The internet has transformed the business world in the past couple of decades, impacting on a range of issues, including how companies communicate with consumers and the way that the latter pays for goods and services.
However, one particularly notable area where the internet’s presence has been felt is in how many entrepreneurs use it get their ideas off the ground in the first place. Once upon a time, asking strangers to back a project you believe in may have seemed bizarre, but now this has become commonplace thanks to the seemingly unstoppable trend of crowdfunding.
A major funding option
According to figures from Statista, it is believed that a total of $5.5 billion was raised through crowdfunding worldwide in 2017. Furthermore, a study released by Ernst & Young at the end of last year revealed that it trailed behind only venture capital in terms of the sources of funding being considered by UK entrepreneurs. For further context, this put it ahead of bank financing, invoice finance, and initial coin offerings (ICOs) as a strategy that they may employ.
The concept has even gone on to emerge in more unexpected areas, such as being used to try and keep famous music venues open and even to generate prize money in gaming.
In terms of the latter, the prestigious Dota 2 event in eSports, known as The International, always boasts prize money crowdfunded by fans, and in 2018, the pool reached a total of more than $25 million. On a smaller scale, online casinos like Paddy Power offer promotions such as the Jackpot King jackpot – a communal prize pool that builds up in value and is awarded to someone playing one of the selected online slot games.
While crowdfunding has become a hugely popular concept across the globe, several recent developments have underlined how the idea has really taken hold across the UK.
A great example came at the end of the last year in the form of Monzo, the challenger bank that was found to be the UK’s best in a survey by Which?. The company launched a crowdfunding campaign to raise £20 million in December and reached the target in just over two days thanks to the input of more than 36,000 people.
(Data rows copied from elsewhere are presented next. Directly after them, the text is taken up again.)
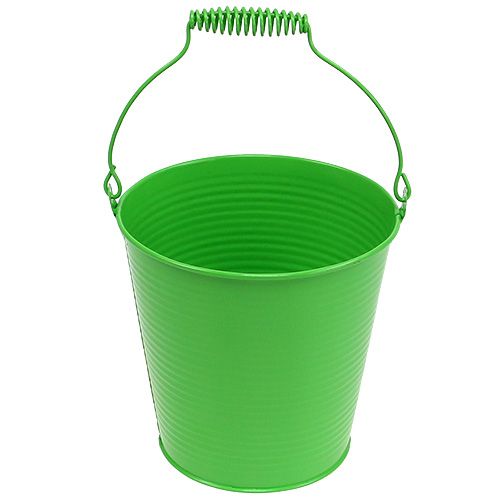 Floristik24 Plechové vědro májově zelené Ø15cm H14,5cm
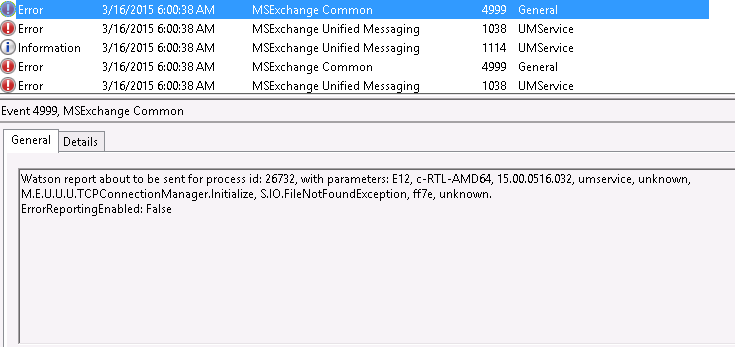 event id 1038 msexchange unified messaging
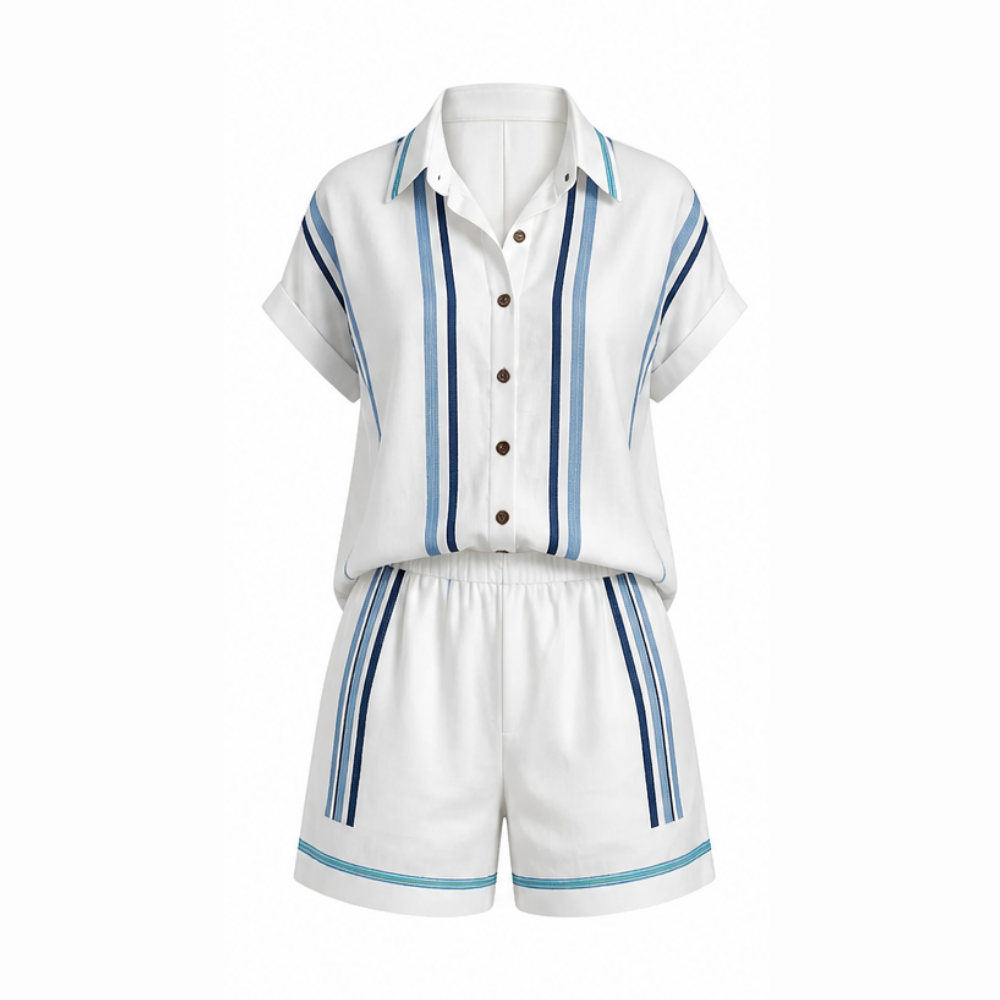 Tara - Coastal Shirt and Shorts Set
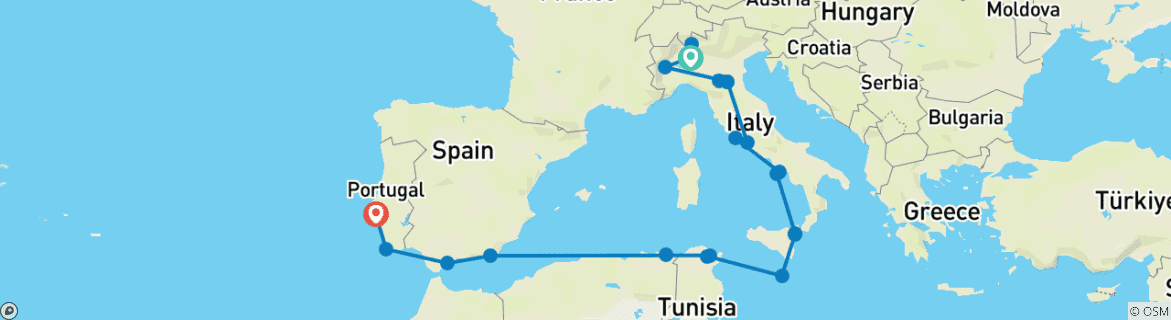 Image of a map showing the route of the tour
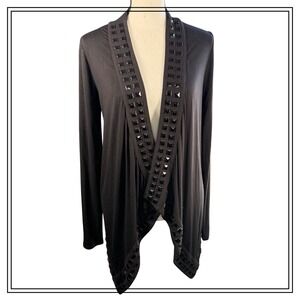 Guess Los Angeles Black Embellished‎ Open Front Cardigan Sweater Size Mei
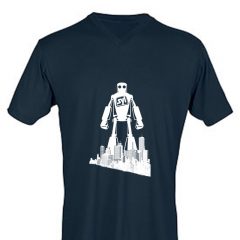 Tultex 207 Unisex Poly-Rich Blend V-Neck Tee - a3730Navy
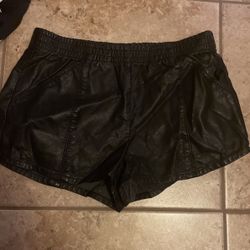 Black Pleather Shorts Brand New Never Worn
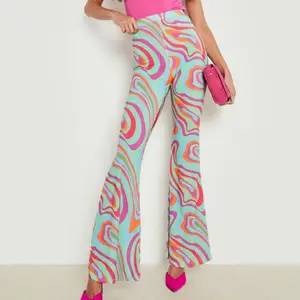 Custom Summer Fashion High Waist Printed Flared Trouser Rave Festival Wide Leg Pants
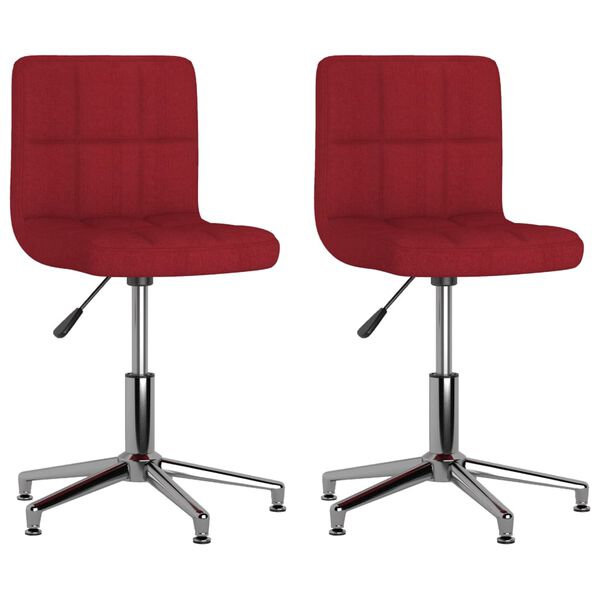 vidaXL Sillas de comedor giratorias 2 unidades tela rojo vino tinto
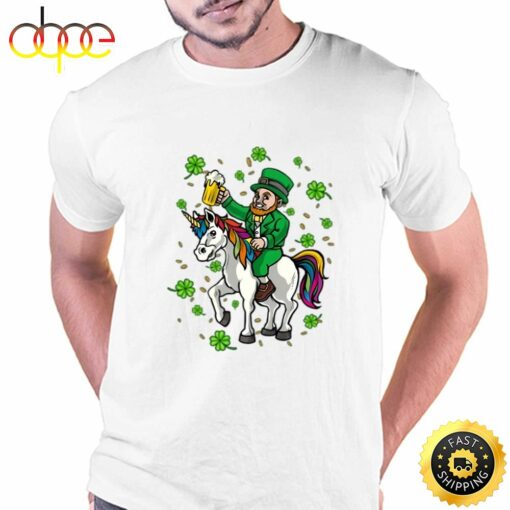 St Patricks Day Shirt, Leprechaun Unicorn Irish T-shirt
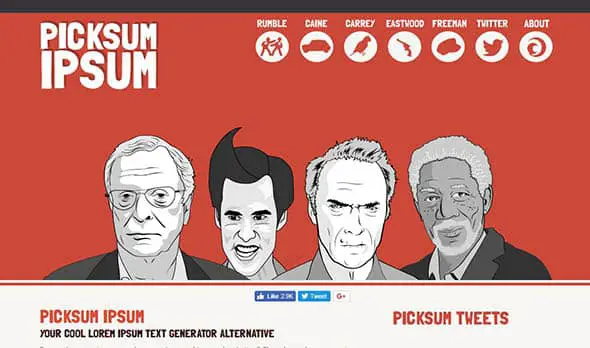 Picksum Ipsum red website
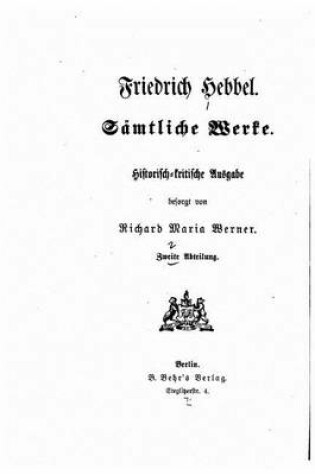 Cover of Samtliche Werke, Historisch-kritische Ausgabe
Even more recently, the UK became home to what is thought to be the world’s fastest funded restaurant project when chef Gary Usher announced his hopes to raise £100,000 to support the opening of his Manchester restaurant Kala. Incredibly, he raised the funding on Kickstarter in just 11 hours.
Finally, another UK bank to turn to the concept is NatWest, which has teamed up with Crowdfunder to create the Back Her Business initiative. The programme has been developed specifically to boost the number of women taking the leap and starting their own businesses.
All of the examples above undoubtedly highlight how crowdfunding has emerged to be a genuine game-changer for businesses in recent times.
While established methods of funding continue to play a key role in the fortunes of many ventures, it is clear that entrepreneurs and other organisations are discovering the benefits that this new approach could offer.